The merchant witnesses were in favour of throwing open the trade of Hudson's Bay; and this Mr. Tomlinson said more ships would be sent, and more people brought down to trade.

"This is confirmed," he said, "by the experience of the Guinea trade, which, when confined to a company, employed not above ten ships, and now employs 150;" and "that the case of the Guinea trade was exactly similar (to the Hudson's Bay), where the ships near one another, and each endeavours to get the trade; and the more ships lie there, the higher the price of negroes."

The capital of the Hudson's Bay Company, increased by doublings and treblings of its nominal amount, was, in 1748, 103,950l., held by eighty-six proprietors.

The trade between London and Hudson's Bay was carried on in 1748, and for some previous years, by four ships. The cost of the exports was in 1748 5,102l. 12s. 3d., and the value of the sales of furs and other imports in that year amounted to 30,160l. 5s. 11dd. The "charge attending the carrying on the Hudson's Bay trade, and maintaining their factories," in 1748, is stated at 17,352l. 4s. 10d. The original cash capital was 10,500l. That capital was "trebled" in 1690, making the nominal capital 31,500l.; in August, 1720, it was proposed to augment the cash capital, and to make the nominal total 378,000l. But at a "General Court," held on the 23rd December, 1720, it was resolved to "vacate" the subscription "by reason of the present scarcity of moneys, and the deadness of credit." And it was further "Resolved, that in the opinion of this Committee, that each subscriber shall have 30l. stock for each 10l. by him paid in," "which resolutions were agreed to by this Court." Anyhow, the capital in 1748 is stated at 103,950l. A trade which, by sending out about 5,000l. a year, brought back a return of 30,000l., was no doubt worth preserving; and even taking the outlay for working and maintenance of forts and establishments, there was over 8 per cent, on the nominal capital left, or probably 40 per cent on all the cash actually paid in; not too great a reward for the benefits gained by the country from this trade.

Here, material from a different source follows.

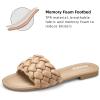 imageATHMILE Braided Womens Sandals Round Open Toe Fashion Slide Sandals Women Dressy Summer Flat Beach Size 611Camel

Some particulars of the regulation of exchange of commodities may here be interesting.

The system of trade was simple barter. The equivalent of value was beaver skins; while skins of less value were again calculated as so much of each for one beaver. A kettle was exchanged for one beaver. A pound and a half of gunpowder, one beaver. One blanket, six beavers. Two bayonets, one beaver. Four fire-steels, one beaver. One pistol, four beavers.